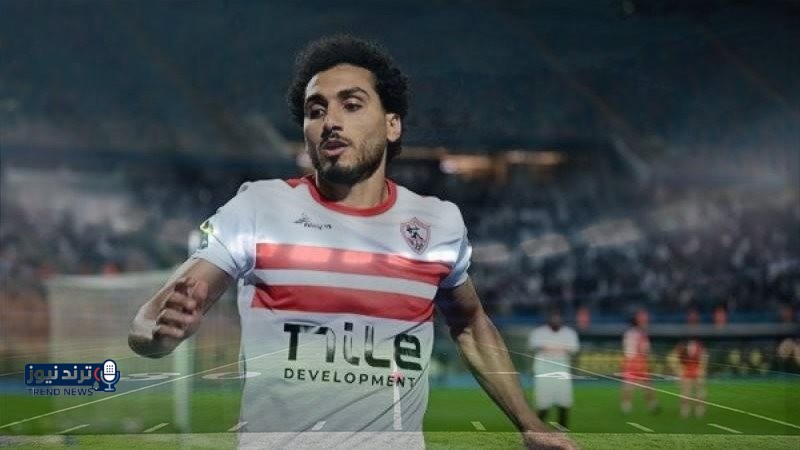 إعلامي يكشف مفاجأة بشأن توقيع أحمد حمدي  لـ ناد جديد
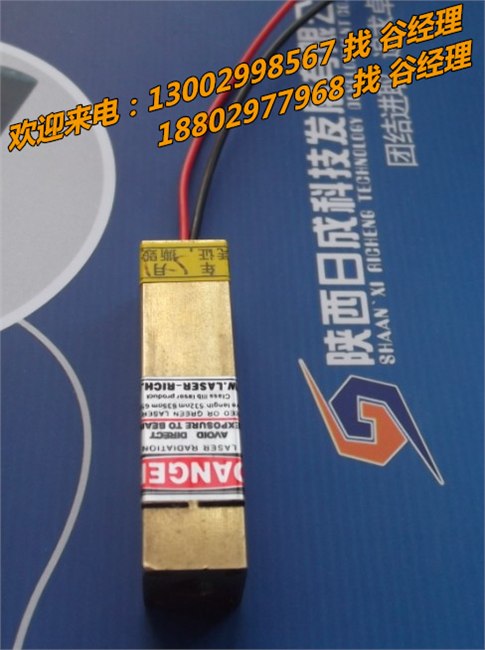 供应红外激光器 808nm红外一字线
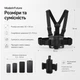 Тримач для смартфону нагрудний MadeInFuture TC-70 Black (MIF91914) - зображення 7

=======

-- Problem --
Word for word, repeat all the data, but not its images.

-- Task answer --
 إعلامي يكشف مفاجأة بشأن توقيع أحمد حمدي  لـ ناد جديد
 供应红外激光器 808nm红外一字线
 Тримач для смартфону нагрудний MadeInFuture TC-70 Black (MIF91914) - зображення 7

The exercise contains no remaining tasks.